Would you agree that humans are in general not very good at inventing new algorithms, many useful algorithms remain undiscovered, and as a result many jobs are still being done by humans instead of specialized algorithms? Isn't it possible that this situation (i.e., many jobs still being done by humans, including the jobs of inventing new algorithms) is still largely the case by the time that a general AI smarter than human (for example, an upload of John von Neumann running at 10 times human speed) is created, which at a minimum results in many humans suddenly losing their jobs and at a maximum allows the AI or its creators to take over the world? Do you have an argument why this isn't possible or isn't worth worrying about (or hoping for)?
To answer your second sentence on, one consideration is that it is highly questionable whether scanning and uploading is even possible in any practical sense, as people who actually work with brain preservation on a daily basis and would love to be able to extract state from the preserved material seem to consider the matter: It's "possible" philosophically, but not at all practically. This suggests that it's low enough feasibility at present that even paying serious attention to it may be a waste of time of the "Pascal's scam" form des...

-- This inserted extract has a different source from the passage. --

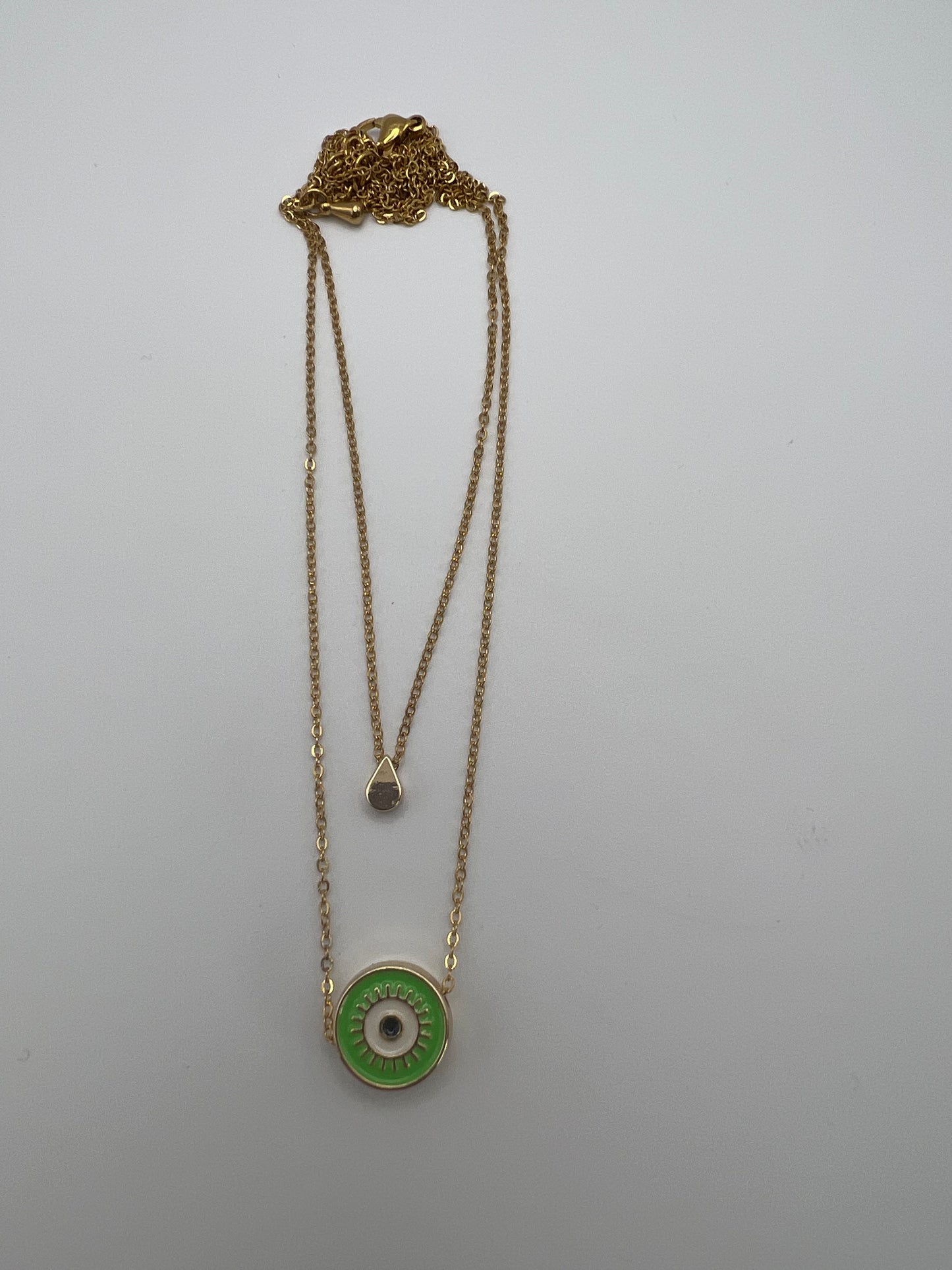 Pop-of-Color Evil Eye Necklace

Nick Szabo on acting on extremely long odds with claimed high payoffs:
Beware of what I call Pascal's scams: movements or belief systems that ask you to hope for or worry about very improbable outcomes that could have very large positive or negative consequences. (The name comes of course from the infinite-reward Wager proposed by Pascal: these days the large-but-finite versions are far more pernicious). Naive expected value reasoning implies that they are worth the effort: if the odds are 1 in 1,000 that I could win $1 billion, and I am risk and time neutral, then I should expend up to nearly $1 million dollars worth of effort to gain this boon. The problems with these beliefs tend to be at least threefold, all stemming from the general uncertainty, i.e. the poor information or lack of information, from which we abstracted the low probability estimate in the first place: because in the messy real world the low probability estimate is almost always due to low or poor evidence rather than being a lottery with well-defined odds.
Nick clarifies in the comments that he is indeed talking about singularitarians, including his GMU colleague Robin Hanson. This post appears to revisit a comment on an earlier post:
In other words, just because one comes up with quasi-plausible catastrophic scenarios does not put the burden of proof on the skeptics to debunk them or else cough up substantial funds to supposedly combat these alleged threats.